Share

Kematian Karent dan Datangnya Karin

Bab 3

Dirinya semakin di buat terkejut ketika melihat keadaan sang kakak yang memprihatinkan.

"Dewa, kakak?" Elis menghampiri Trisno.

"Ayo, baringkan dia di sini," perintah Elis ke Trisno untuk membaringkan Karent pada kursi bambu.

"Tolong, Elis. Dia kehabisan banyak darah dan kehabisan tenaga juga," ujar Trisno memberitahukan keadaan Karent.

"Kenapa bisa seperti, ini?" tanya Elis meminta penjelasan apa yang telah terjadi terhadap kakaknya.

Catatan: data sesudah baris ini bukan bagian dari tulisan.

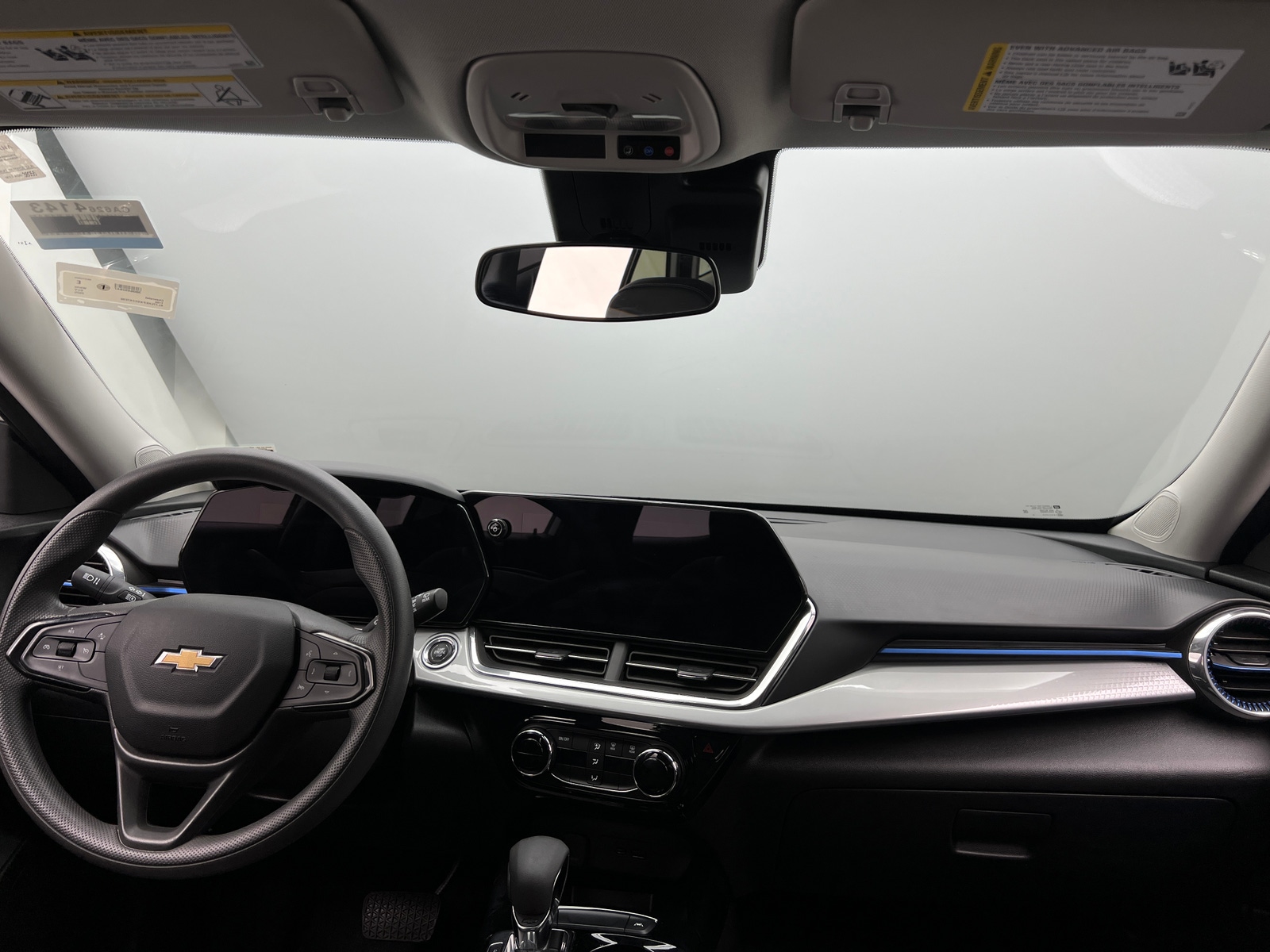 Thumbnail: 2025 Chevrolet Trax - 2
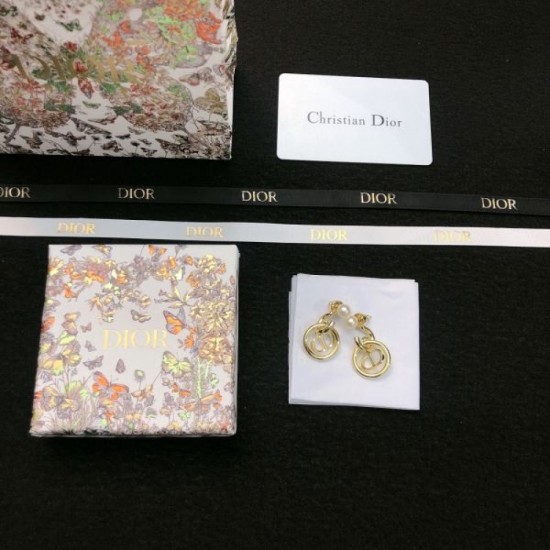2024SS DIOR Dior earrings New colors in fashion 2024SS DIOR Dior earrings New colors in fashion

"Semua ini karena ulah si siluman anj*ng itu, dia berusaha untuk mengambil mutiara suci dari dalam kuil, tapi niatannya di ketahui oleh Karent. Dan kami pun berkelahi hingga akhirnya Karent tertusuk pedang Rojer," cerita Trisno secara garis besar.

"Rojer? Kenapa bisa, bukankah dia siluman yang baik?" tanya Elis merasa tidak percaya bahwa Rojer dapat melakukan hal itu.

"Dia tidak baik, dia penghianat. Buktinya dia tega melukai Karent yang jelas-jelas Karent mencintai dirinya dengan tulus," jawab Trisno.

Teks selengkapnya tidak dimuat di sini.